### WHAT IS BEING ASKED
Repeat the records exactly as given. Do not include the pictures.

Short descriptive text snippets:
________________________
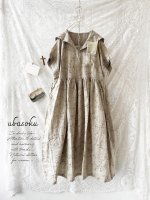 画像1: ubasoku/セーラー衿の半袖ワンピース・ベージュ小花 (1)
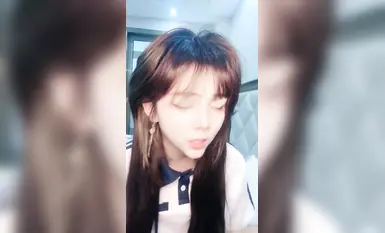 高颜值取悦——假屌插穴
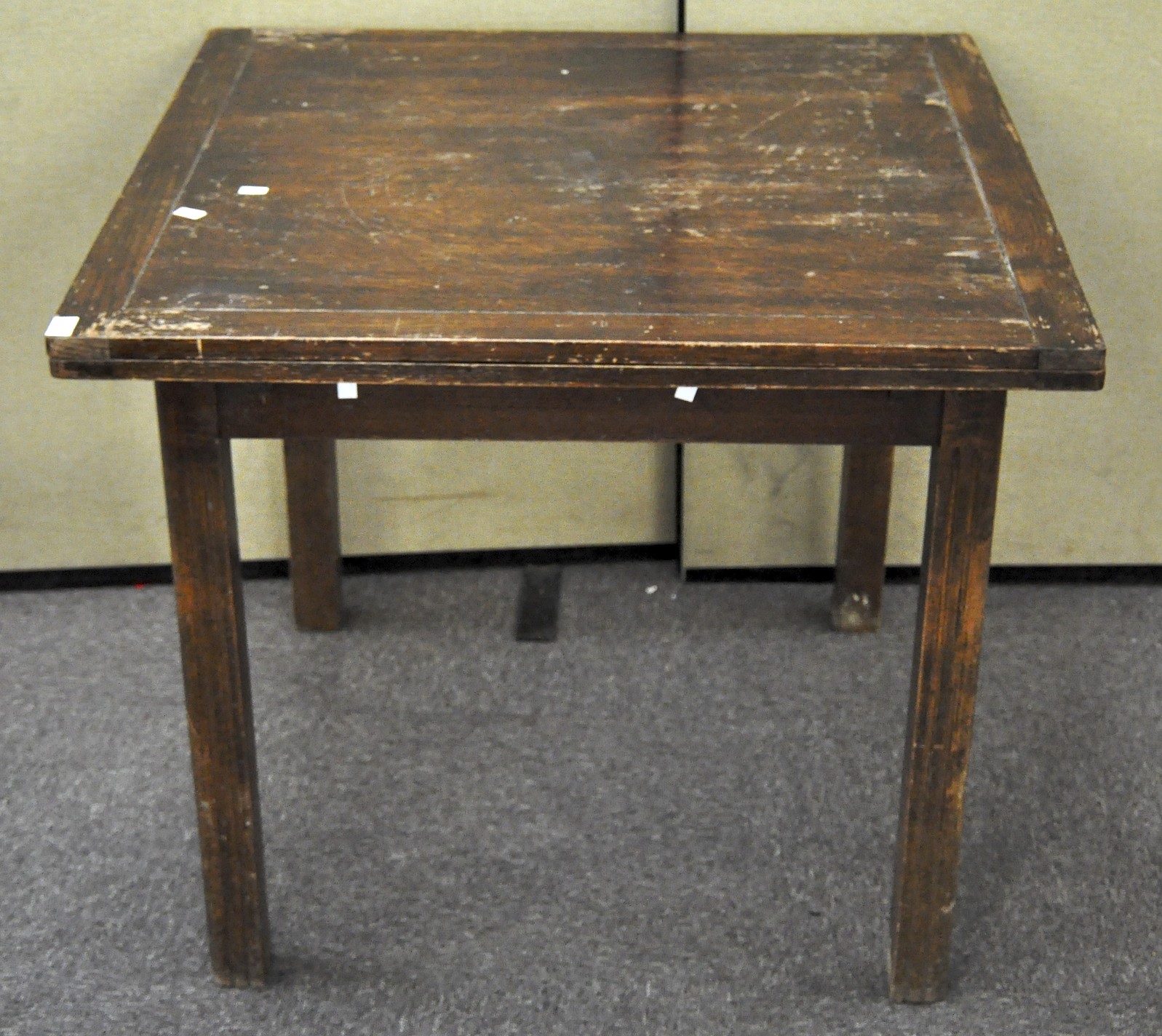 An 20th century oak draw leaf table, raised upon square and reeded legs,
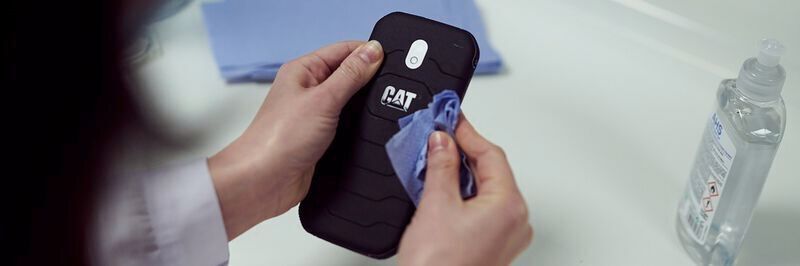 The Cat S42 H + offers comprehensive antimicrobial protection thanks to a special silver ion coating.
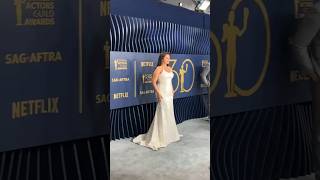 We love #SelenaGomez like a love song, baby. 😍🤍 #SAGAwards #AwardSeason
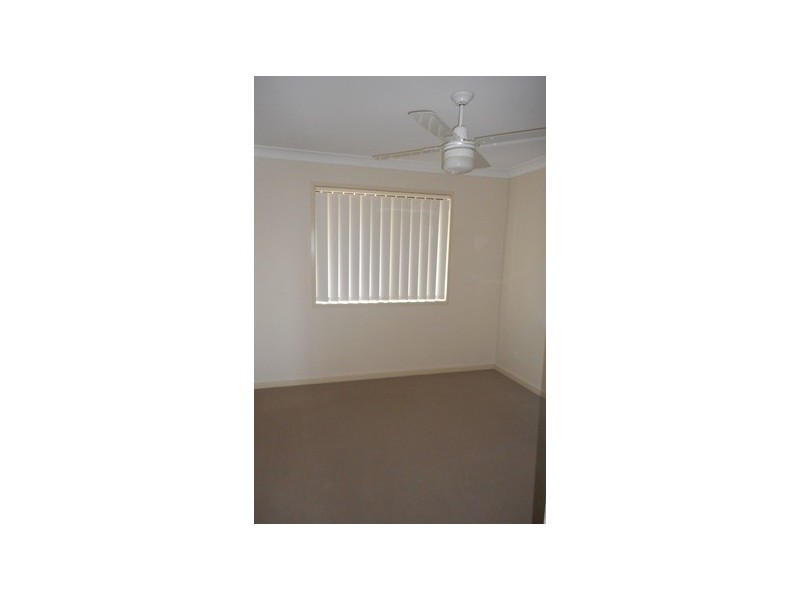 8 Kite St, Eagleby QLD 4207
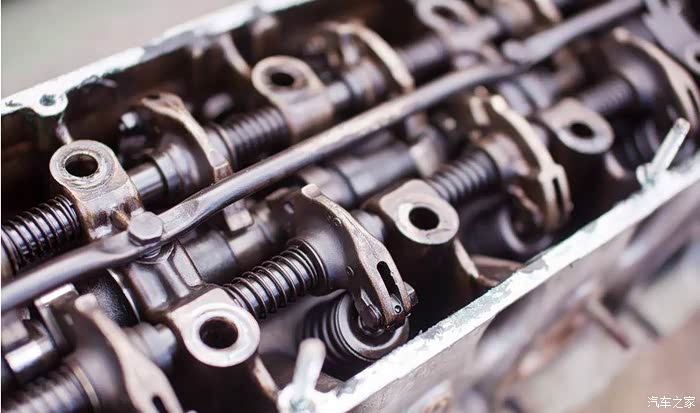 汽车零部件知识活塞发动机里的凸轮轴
________________________
### SOLUTION
 画像1: ubasoku/セーラー衿の半袖ワンピース・ベージュ小花 (1)
 高颜值取悦——假屌插穴
 An 20th century oak draw leaf table, raised upon square and reeded legs,
 The Cat S42 H + offers comprehensive antimicrobial protection thanks to a special silver ion coating.
 We love #SelenaGomez like a love song, baby. 😍🤍 #SAGAwards #AwardSeason
 8 Kite St, Eagleby QLD 4207
 汽车零部件知识活塞发动机里的凸轮轴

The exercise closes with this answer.